Polycarbonate (PC) – Properties, Processing, and Applications
olycarbonate (PC) – Properties, Processing, and Applications
 
Polycarbonate (PC) is a high-performance polymer containing carbonate groups in its molecular chain. Based on ester group structure, it can be classified into aliphatic, aromatic, and aliphatic-aromatic types. Among the five major engineering plastics, PC is currently the fastest-growing general-purpose engineering material.
 
 
Advantages and Disadvantages of PC
 
PC is colorless, transparent, heat-resistant, impact-resistant, and inherently flame-retardant (UL94 V-0 without additives). It has excellent mechanical properties within normal temperature ranges, a high refractive index, and good processability.
 
However, PC has limitations:
•Low hydrolysis resistance
•Notch sensitivity
•Limited resistance to organic chemicals and scratching
•Tendency to yellow under prolonged UV exposure
•Poor wear resistance (surface treatments are required for wear-critical applications)
 
 
Processing Conditions for PC
 
PC is ideal for producing precise, complex-shaped parts that bear light loads or low impact. Processing requires careful control of raw material drying, injection temperature, and mold temperature.
 
1. Raw Material Drying
 
PC is highly sensitive to moisture at high temperatures. Even trace amounts can cause degradation, CO₂ release, discoloration, and reduced performance. Moisture content must be ≤0.02%. Improper drying can lead to defects such as silver streaks, bubbles, or cracks.
 
2. Injection Temperature
 
PC has high thermal stability and a wide molding temperature range, but viscosity is highly temperature-dependent.

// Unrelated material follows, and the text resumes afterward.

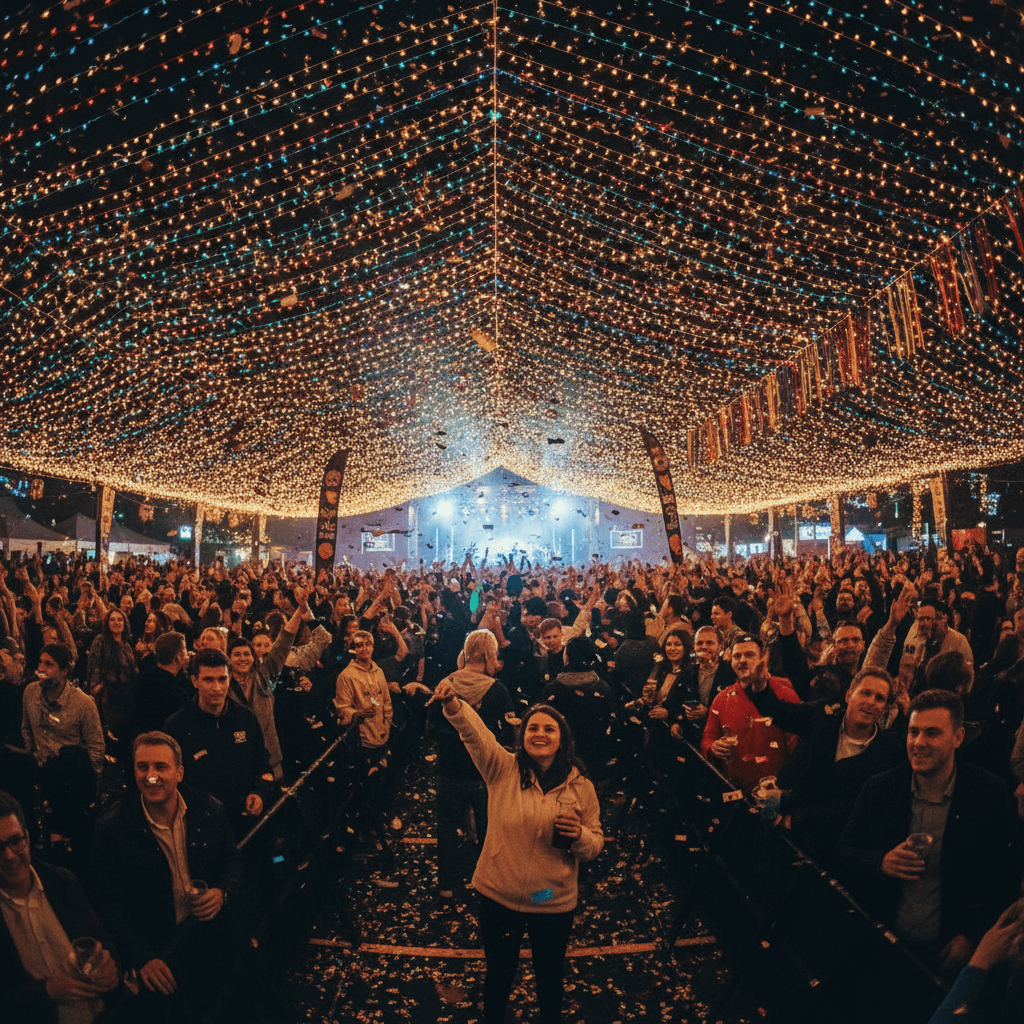 Excited crowd at a vibrant event with festive lighting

•Too low: Poor filling, shrinkage, wrinkles, dull finish
•Too high (>320°C, prolonged): Severe degradation, discoloration, surface defects, bubbles
 
3. Mold Temperature
 
PC has high viscosity and low flowability.
•Too low: Incomplete filling, high shrinkage, surface defects, residual stress
•Too high: Slow cooling, longer cycles, poor release, deformation
 
 
Injection Pressure & Holding Time
 
Holding time affects product density and dimensional stability:
•Too short: Shrinkage, voids, vacuum bubbles
•Optimal: Increased density, stable dimensions
•Too long: High internal stress, cracking risk
 
 
Applications of Polycarbonate
 
PC is widely used in construction, automotive, medical, aerospace, electronics, packaging, and optics.
 
1. Construction Industry
 
PC sheets offer excellent light transmission, impact resistance, UV stability, and processability, outperforming traditional glass.
 
2. Automotive
 
PC’s impact resistance, heat resistance, weatherability, and hardness make it suitable for headlights, dashboards, heater parts, defrosters, bumpers, and PC-alloy components.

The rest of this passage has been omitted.